Reading the Wikipedia page on linear ODEs, I've stumbled upon something I don't understand. In the section Homogeneous equations with constant coefficients, it says the following:
If the coefficients $A_i$ of the differential equation are real, then real-valued solutions are generally preferable. Since non-real roots $z$ then come in conjugate pairs, so do their corresponding basis functions $x^ke^{zx}$, and the desired result is obtained by replacing each pair with their real-valued linear combinations $Re(y)$ and $Im(y$), where $y$ is one of the pair.

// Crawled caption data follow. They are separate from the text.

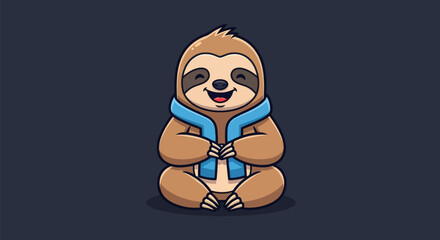 A cartoon sloth in a sitting pose, wearing a blue scarf, smiling, on a dark blue background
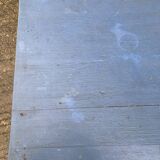 Reconstruction period oak table with 1 drawer painted blue.
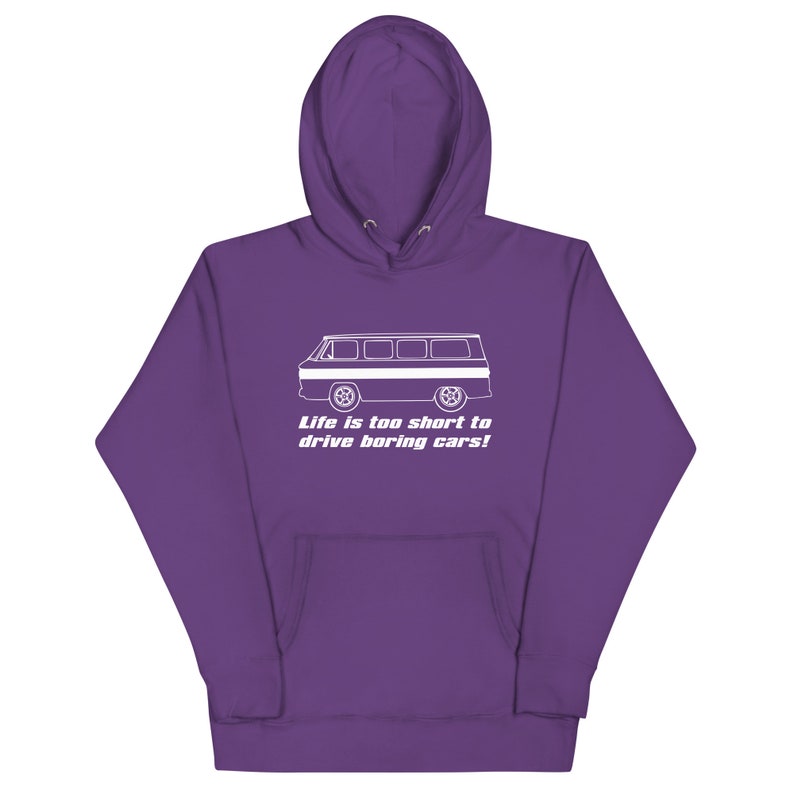 Corvair Greenbrier Life is Too Short to Drive Boring Cars Unisex Hoodie Purple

I mean, why can you do this, that is, replace a pair of conjugate basis functions with their real and imaginary parts? The article gives as an example the equation y'' -4y +5y = 0. The roots of the characteristic equation are $2+i$ and $2-i$. Therefore, any solution of the equation will be of the form $c_1 e^{(2+i)x} + c_2 e^{(2-i)x}$ with $c_1, c_2 \in \mathbb{C}$. So far, so good. Then, one takes the real and imaginary parts of $e^{(2+i)x}$, so that any solution of the differential equation will be a linear combination of them, that is, $y = a_1e^{2x}\cos x + a_2e^{2x}\sin x$, with $a_1, a_2 \in \mathbb{R}$.
I don't understand the last step. You have a pair of complex functions, wich are conjugates of each other (because the characteristic equation has real coefficients), that form a basis of the space of solutions of the equation. Then, you claim that you can instead take the real and imaginary parts of one of them (it doesn't matter which one, since they are conjugates), and they will form a basis. Why is this true?